I think we can conclude that China is unlikely to invite him to Beijing now. He's going to pay a price with his elite and you've got to ask why he would do that.

It seems to me that there are two possibilities. One, he may be facing internal problems, at least in his own mind, where he needed to demonstrate that he really is a powerful and advanced leader. Claiming that he's developed an H bomb suggests he wants to promote that notion that he is a capable guy because he’s achieved a big accomplishment in the scientific field. That's a possibility.

The other possibility is the Chinese told Kim that he is not invited to Beijing, and Kim got furious and decided: ‘Oh, I will show China.’ We don't know. It might not be either of those but it's quite possibly both of those. We just don't know.

Aside from a much larger explosive yield, what's the real strategic value of an H-bomb over that of a more traditional atomic weapon?

It's a matter of deterrence. If North Korea were to detonate their current size nuclear weapon on Seoul, they'd kill about 3% of the people in Seoul. If they got a true hydrogen bomb, say 5 megatons, they could destroy most of Seoul with one weapon.

It really boils down to the kind of deterrent Pyongyang want to project? South Korea could be attacked by North Korea, and though the price would be heavy, Seoul could decide to use its superior conventional forces to solve the North Korea problem once and for all.

However, if North Korea were to have a hydrogen bomb, where with one weapon it could wipe out Seoul or Busan, South Korea might be a whole lot more careful, as might the United States.
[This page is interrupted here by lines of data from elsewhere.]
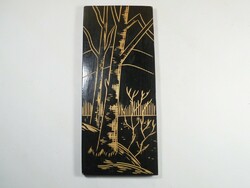 Retro old marked woodcut engraved painted wood wall hanging ornament picture-Russian Soviet made-1979
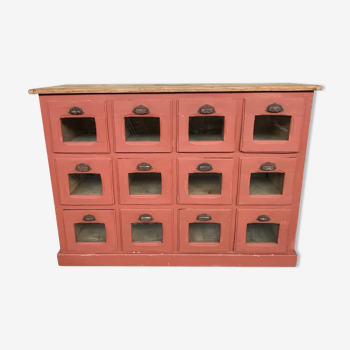 Former craft furniture with seed grocery drawers early 20th patinated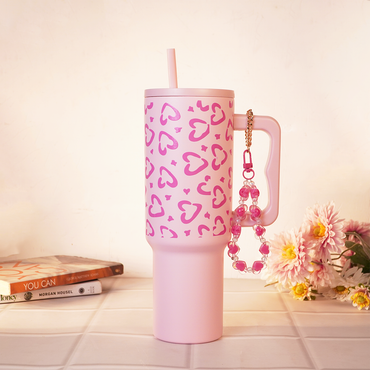 Soft Pink  Heart Leopard Print Travel Tumbler with Handle & Straw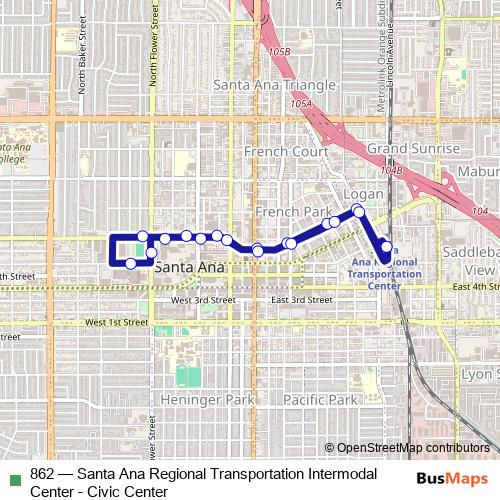 862 bus Line Map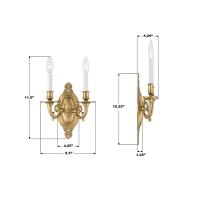 Two Light Wall Sconce by Crystorama - Milford Collection, Aged Brass Finish - 622-AG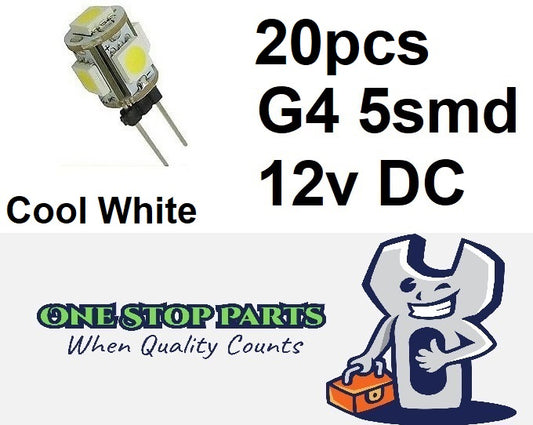 20 x G4 12V 5smd Cool White Boat Camper 5050 RV Jayco Light Bulb Lamp (20pcs)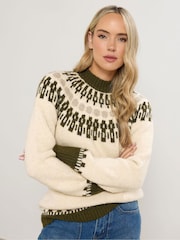 Long Tall Sally Natural Fairisle Jumper - Image 1 of 5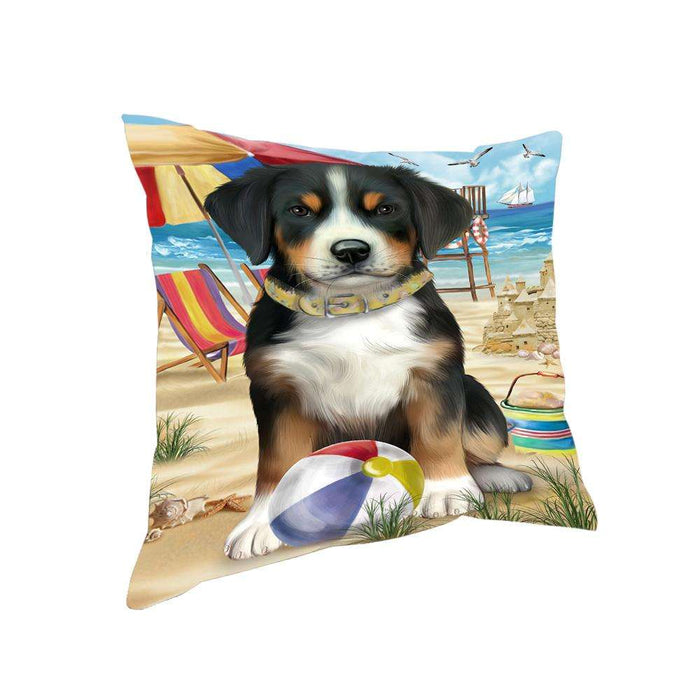 Pet Friendly Beach Greater Swiss Mountain Dog Pillow PIL62652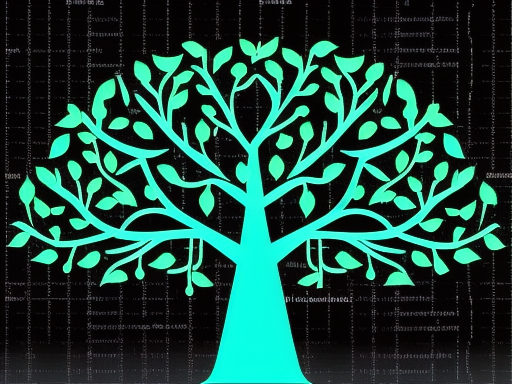 A simple illustration representing a decision tree. The tree is bright green against a black backdrop, There is madeup code in the background. The image has been generated with AI.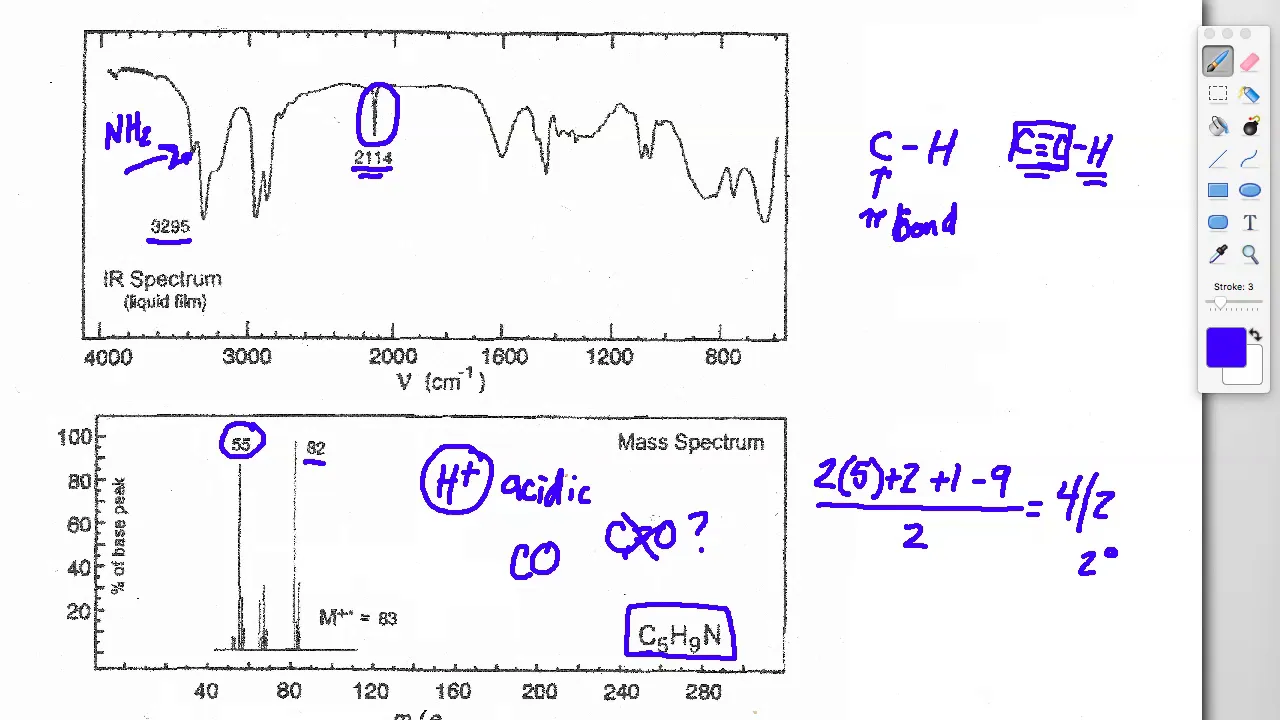 Solving Another Unknown Using NMR, IR and MS Spectroscopy - Example 6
Even China might be careful.

At the moment, China has been pushing Vietnam and the Philippines around, treating those two countries as weakling states. Doesn't China’s reluctance to really pressure North Korea teach a lesson to Vietnam and the Philippines: even a single nuclear weapon would compel China to give them respect.
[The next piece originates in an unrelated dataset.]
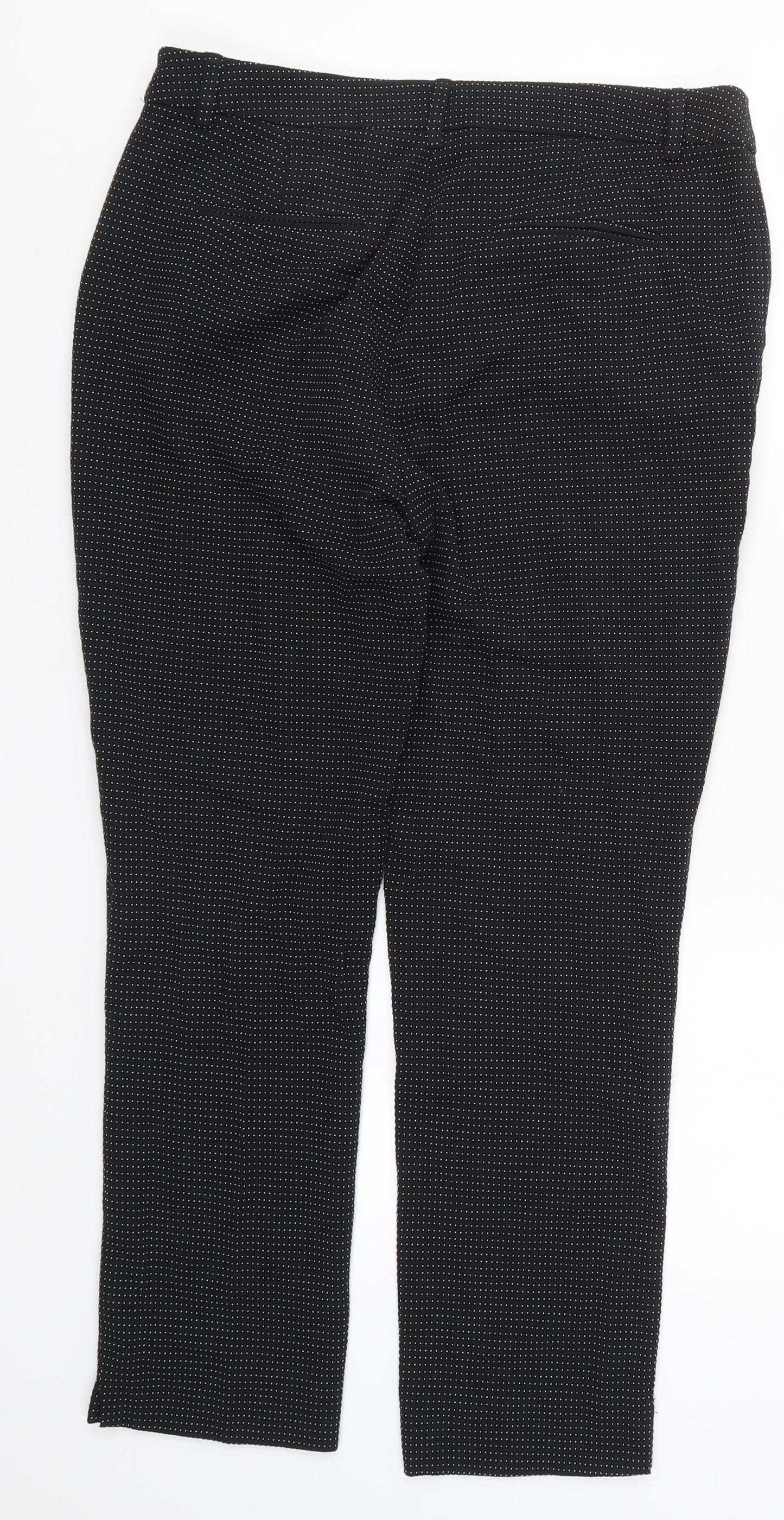 TU Womens Black Polka Dot  Trousers  Size 14 L27 in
It's also a matter of international power and prestige, and domestic power and prestige within the government. All of these are factors in Pyongyang’s decision to upgrade its military capabilities.
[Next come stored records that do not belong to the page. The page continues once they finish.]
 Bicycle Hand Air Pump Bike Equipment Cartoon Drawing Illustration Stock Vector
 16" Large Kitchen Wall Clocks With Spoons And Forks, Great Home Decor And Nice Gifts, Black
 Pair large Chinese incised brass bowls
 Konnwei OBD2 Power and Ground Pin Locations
The price Kim Jung Un has to pay

What policy options does the U.S and Japan have?

We've used most of the economic sanctions available, though there are more things we could try to lock North Korea out of the international finance system.

We did years ago with the Banco Delta Asia actions. We could do something a little bit more extreme, but I think what we miss is the fact that the purpose of this test wasn't about economics. It wasn't to force countries to trade with North Korea, it was heavily about internal politics.

If that's the case, why aren't we responding with an internal political response? North Korea did not like the political broadcasts that South Korea used last August. South Korea is about to start them again. North Korea was very upset about those broadcasts.

There are other things we can do to influence the political situation inside North Korea. We can tell North Korea, look now that you've done this ... we're going to throw a whole bunch of leaflets at every one of your nuclear facilities.

The leaflets would seek North Korean defectors from the country’s nuclear program because we want the intelligence we would gain. The leaflets would try to convince them that they could do physics research at South Korean universities, or work in a South Korean nuclear plant and not die of radiation.

If one person defected after that, Kim Jung Un would suffer a loss of face. Now he would have to take all kinds of action to prevent that from happening. That's going to be a price that he would pay and a risk he would pay that somebody would get away. He won't be able to send his scientists to Iran and other places as he's been because they might defect, in the process.

We should be evolving toward that kind of political response. We know that North Korean soldiers face starvation in the military. They don't get fed very well, why aren't we saying that? We should be saying why is it that Kim Jung Un has reported ... 5 Billion Dollars in family bank accounts overseas but he won't pay the couple hundred million a year that he has to, to feed his military.